More generally, we may observe that the amplification and overvaluation of purity in this context is an effect of transductive mediation, a property that attends the use of media forms in the public sphere. In transductive mediation, a small difference at the level of structure at input time, as it were, is selected for and amplified by a media form, such as a newspaper or a film or a database, as that difference substitutes for what it represents and is propagated throughout the system in which is participates. In this case the transduced structure is purity and the result is an inflexible version of that idea. The effect is similar to what Jon Anderson describes in his account of the history of the Internet in the Middle East, whereby the early adopters of the medium — diasporic engineers and scientists who used newsgroups and websites to exchange ideas of about religion and politics back home — favored sharia (law) over ulema (interpretation) . Because these representations of Islam — which were exchanged as part of an informal and only quasi-public discourse — were stored in databases, this particular form of Islam became more established in transnational cyberspace than in the traditional public sphere. When the Internet finally became widely accessible in the Middle East, around 2005, this pre-encoded form of Islam was already part of the digital public sphere, and reinforced an attachment to sharia developed by other groups for other reasons.
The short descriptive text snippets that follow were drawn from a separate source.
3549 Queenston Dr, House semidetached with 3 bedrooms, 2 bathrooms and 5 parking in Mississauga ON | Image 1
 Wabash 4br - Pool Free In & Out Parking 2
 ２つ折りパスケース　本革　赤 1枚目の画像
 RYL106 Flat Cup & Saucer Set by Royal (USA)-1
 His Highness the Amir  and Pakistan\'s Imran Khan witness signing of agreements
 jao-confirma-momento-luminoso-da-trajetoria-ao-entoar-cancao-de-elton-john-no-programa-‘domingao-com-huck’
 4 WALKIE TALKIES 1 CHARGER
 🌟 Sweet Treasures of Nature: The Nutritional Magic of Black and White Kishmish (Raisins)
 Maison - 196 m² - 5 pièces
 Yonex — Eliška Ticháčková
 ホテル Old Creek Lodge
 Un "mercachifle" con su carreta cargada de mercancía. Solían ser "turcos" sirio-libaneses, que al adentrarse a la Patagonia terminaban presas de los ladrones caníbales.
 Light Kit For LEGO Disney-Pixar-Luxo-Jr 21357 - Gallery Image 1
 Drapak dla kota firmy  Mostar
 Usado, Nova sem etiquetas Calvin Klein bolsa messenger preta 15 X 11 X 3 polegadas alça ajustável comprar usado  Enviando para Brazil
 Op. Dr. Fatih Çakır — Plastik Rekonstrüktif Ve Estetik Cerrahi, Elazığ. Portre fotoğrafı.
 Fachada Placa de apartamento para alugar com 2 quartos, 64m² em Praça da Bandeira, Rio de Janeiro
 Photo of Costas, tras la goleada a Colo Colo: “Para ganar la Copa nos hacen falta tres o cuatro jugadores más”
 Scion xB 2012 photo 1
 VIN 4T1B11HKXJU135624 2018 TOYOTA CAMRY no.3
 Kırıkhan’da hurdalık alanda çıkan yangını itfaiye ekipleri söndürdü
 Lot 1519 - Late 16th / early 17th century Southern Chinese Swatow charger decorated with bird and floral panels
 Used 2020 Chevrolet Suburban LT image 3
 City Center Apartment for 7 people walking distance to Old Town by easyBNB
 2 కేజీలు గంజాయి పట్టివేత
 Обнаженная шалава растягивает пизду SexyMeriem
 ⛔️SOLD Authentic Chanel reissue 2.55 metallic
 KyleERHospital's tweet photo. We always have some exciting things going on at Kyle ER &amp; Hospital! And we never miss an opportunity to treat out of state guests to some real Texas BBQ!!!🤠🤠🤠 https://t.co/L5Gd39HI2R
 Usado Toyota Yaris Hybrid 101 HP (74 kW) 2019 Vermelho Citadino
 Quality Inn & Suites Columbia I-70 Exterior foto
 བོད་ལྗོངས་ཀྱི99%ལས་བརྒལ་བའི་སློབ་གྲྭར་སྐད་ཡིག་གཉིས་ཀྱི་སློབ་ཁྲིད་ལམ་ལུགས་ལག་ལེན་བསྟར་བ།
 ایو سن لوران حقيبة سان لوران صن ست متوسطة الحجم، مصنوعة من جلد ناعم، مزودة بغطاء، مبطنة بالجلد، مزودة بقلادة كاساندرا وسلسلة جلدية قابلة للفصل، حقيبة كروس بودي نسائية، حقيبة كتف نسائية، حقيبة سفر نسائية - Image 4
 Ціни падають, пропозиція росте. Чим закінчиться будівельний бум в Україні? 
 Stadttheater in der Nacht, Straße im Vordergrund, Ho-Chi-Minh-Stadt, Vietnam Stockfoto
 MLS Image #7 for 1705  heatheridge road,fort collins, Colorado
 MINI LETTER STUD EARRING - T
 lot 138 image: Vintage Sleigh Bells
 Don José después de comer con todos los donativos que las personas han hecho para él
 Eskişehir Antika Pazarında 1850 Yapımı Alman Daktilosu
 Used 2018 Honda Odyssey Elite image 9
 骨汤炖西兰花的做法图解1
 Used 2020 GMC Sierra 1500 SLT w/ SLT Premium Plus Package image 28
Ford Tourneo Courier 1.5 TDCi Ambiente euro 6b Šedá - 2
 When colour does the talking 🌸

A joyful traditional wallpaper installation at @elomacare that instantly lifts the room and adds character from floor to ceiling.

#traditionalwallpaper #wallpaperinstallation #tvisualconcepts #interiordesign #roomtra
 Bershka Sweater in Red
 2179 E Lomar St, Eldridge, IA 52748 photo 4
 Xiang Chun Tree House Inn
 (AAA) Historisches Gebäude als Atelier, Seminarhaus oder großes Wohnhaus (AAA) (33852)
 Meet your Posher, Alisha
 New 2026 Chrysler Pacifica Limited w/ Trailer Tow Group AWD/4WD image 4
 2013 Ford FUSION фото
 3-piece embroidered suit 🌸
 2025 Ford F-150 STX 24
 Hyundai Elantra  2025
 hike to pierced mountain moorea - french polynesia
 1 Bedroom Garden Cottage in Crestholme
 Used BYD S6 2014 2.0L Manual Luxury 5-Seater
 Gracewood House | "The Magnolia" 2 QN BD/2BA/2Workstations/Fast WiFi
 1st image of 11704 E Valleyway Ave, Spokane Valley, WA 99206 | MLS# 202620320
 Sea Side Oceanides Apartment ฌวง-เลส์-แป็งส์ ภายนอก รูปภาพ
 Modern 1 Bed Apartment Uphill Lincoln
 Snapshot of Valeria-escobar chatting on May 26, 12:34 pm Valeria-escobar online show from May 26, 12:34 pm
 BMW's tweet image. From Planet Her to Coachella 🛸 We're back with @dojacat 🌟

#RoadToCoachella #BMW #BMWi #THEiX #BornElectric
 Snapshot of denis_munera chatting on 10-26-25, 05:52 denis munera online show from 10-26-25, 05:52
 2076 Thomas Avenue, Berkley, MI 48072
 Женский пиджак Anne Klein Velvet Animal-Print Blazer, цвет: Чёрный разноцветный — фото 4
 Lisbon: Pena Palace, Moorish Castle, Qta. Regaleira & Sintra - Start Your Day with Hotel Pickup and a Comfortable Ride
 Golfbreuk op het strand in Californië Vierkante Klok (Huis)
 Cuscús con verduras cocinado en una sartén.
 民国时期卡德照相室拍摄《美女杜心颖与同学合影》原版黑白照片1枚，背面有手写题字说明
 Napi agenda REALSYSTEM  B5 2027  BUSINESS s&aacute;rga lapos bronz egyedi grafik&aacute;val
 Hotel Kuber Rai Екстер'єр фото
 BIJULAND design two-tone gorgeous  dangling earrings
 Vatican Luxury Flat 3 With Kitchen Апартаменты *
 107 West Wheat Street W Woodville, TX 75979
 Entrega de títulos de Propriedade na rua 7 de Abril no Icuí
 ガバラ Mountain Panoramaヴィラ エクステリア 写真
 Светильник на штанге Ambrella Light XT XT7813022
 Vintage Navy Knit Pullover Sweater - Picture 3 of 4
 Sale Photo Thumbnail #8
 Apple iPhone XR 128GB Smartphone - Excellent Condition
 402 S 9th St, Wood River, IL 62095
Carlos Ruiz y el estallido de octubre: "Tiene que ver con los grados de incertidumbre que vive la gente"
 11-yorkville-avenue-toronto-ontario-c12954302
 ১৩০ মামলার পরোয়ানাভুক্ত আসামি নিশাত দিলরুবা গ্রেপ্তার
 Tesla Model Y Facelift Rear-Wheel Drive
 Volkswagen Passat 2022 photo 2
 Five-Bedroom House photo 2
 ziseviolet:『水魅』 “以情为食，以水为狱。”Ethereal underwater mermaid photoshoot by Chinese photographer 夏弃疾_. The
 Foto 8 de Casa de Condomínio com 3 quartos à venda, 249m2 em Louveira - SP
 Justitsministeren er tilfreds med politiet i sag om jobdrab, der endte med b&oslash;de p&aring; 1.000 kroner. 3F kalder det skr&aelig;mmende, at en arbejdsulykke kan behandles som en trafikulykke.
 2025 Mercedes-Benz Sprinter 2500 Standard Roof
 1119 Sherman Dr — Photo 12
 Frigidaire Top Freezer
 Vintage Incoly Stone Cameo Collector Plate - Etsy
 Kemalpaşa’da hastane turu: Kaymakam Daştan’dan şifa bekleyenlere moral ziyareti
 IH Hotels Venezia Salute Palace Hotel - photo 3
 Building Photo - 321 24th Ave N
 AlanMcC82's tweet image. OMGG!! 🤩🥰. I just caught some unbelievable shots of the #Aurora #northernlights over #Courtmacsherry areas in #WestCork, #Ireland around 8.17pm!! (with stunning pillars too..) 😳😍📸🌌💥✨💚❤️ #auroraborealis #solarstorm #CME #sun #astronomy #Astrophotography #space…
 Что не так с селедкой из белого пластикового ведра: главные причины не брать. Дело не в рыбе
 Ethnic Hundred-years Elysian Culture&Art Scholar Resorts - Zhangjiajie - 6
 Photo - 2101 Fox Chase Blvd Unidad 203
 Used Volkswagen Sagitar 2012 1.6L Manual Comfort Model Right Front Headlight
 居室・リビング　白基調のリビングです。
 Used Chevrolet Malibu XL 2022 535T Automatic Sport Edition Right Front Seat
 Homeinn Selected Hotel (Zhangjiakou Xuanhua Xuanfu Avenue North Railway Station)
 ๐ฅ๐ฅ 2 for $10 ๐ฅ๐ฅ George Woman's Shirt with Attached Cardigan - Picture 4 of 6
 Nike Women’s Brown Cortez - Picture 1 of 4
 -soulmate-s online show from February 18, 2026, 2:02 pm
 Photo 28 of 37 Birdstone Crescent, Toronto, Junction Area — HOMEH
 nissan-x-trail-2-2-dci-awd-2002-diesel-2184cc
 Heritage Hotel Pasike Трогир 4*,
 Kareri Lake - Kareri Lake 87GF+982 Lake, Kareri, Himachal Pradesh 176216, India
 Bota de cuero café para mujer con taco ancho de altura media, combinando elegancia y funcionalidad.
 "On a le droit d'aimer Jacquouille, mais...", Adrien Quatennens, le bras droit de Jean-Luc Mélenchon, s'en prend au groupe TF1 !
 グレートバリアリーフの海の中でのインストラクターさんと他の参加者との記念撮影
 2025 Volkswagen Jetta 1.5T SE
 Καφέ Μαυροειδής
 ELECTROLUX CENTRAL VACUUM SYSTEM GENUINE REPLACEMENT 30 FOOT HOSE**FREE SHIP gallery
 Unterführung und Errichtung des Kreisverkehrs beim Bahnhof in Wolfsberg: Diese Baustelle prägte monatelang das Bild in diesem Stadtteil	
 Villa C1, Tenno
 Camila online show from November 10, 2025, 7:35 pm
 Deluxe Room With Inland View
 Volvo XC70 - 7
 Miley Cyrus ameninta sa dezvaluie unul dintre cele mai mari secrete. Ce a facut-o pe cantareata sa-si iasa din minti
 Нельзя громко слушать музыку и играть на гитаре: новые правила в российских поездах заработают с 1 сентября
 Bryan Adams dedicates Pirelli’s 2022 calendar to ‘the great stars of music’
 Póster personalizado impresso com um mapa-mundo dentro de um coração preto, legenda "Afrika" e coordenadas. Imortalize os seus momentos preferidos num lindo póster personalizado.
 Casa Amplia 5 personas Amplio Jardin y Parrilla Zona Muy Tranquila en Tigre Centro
In other words, media ecologies provide selective environments in which the survivability — the therefore political efficacy — of an idea is a function of its representational fitness. As database technologies and practices become increasingly prevalent in the public sphere — or, more accurately, in the “dark” public sphere, since they are rarely discussed as such — this particular syndrome of selection, amplification, distortion, and propagation will only become more common. We should not only figure out ways, as Philip says, to democratize the process of database design, but to develop a practice in which the transductive effects of the medium are modified and conditioned to work in favor of the public good.
* Actually, the machine was the creation of the Tabulating Machine Company, one of three companies that would later become IBM.